NERSCPowering Scientific Discovery Since 1974

Sharing Data

Data sharing naturally divides into three different categories:  a single user accessing data from multiple platforms, multiple users accessing data from a single platform, or multiple users accessing data from multiple platforms.

A Note About Security and Data Integrity

Sharing data with other users must be done carefully.  The chances for data loss increase as the number of users who can access the data increases.  Permissions should be set to the minimum necessary to achieve the desired access.  Be sure to have archived backups of any critical shared data.  It is also important to ensure that SSH private keys are not shared with other users (either intentionally or accidentally) .
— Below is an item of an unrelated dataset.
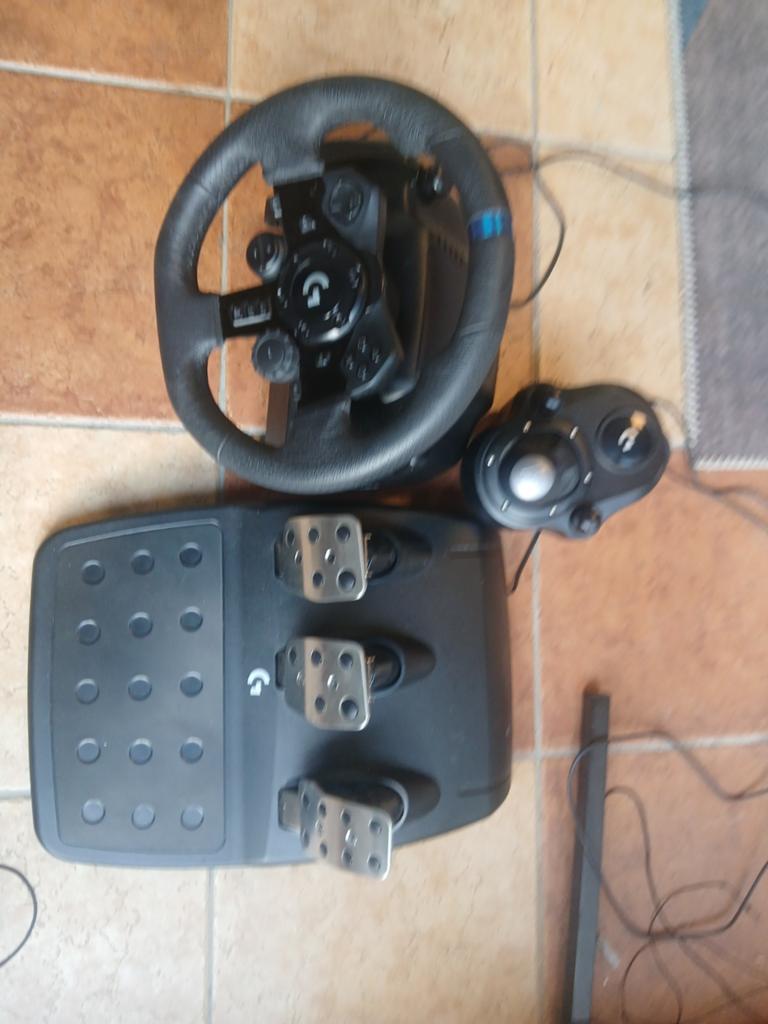 Logitech G928 racestuur met versnellingspook, Spelcomputers en Games, Spelcomputers | Overige Accessoires, Zo goed als nieuw, Racestuur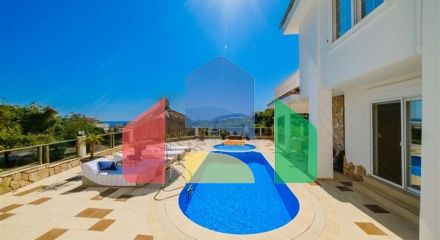 Вилла 4+1 в самом центре Алании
Accessing Your Own Data From Multiple NERSC Platforms

The NERSC Global Filesystem (NGF) facilitates data access from multiple compute platforms.   Global Homes is appropriate for small files (source code files, configuration files, ASCII input files, etc).  For large data, use Global Scratch and/or Global Project.  Global Homes, Global Scratch, and Global Project are available on most NERSC compute platforms.  Care must be taken to insure that data activities on one platform do not interfere with activities on a different platform.  For example, if a batch job on Carver is writing data into Global Scratch, it is safe to read that file on Euclid (for job monitoring, or for some real-time data analysis).  However, writing to that same file from Euclid (or even worse, deleting the file from Euclid) would most likely lead to data corruption and/or batch job failure on Carver.
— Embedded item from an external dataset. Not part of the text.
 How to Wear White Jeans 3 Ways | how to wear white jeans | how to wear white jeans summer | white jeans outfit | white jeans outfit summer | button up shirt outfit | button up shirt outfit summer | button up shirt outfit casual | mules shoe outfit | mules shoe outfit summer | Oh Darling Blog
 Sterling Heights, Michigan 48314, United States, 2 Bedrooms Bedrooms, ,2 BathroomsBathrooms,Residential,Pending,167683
Note that the scratch file systems on any NERSC Cray system are completely local to that Cray system.  In order to access such data from a different platform, the data must be copied to one of the globally-available file systems.

Sharing Your Data With Other NERSC Users

Using NERSC Give and Take

NERSC provides two commands called give and take that lets users share files and directories with other users at NERSC. The giver uses the give command to share a file:

give -u <recipient-username> <file-or-directory>

The recipient will receive an email notifying them of the file available to them. They can then use the take command to copy the file to their current directory or (optionally) a specific destination folder. 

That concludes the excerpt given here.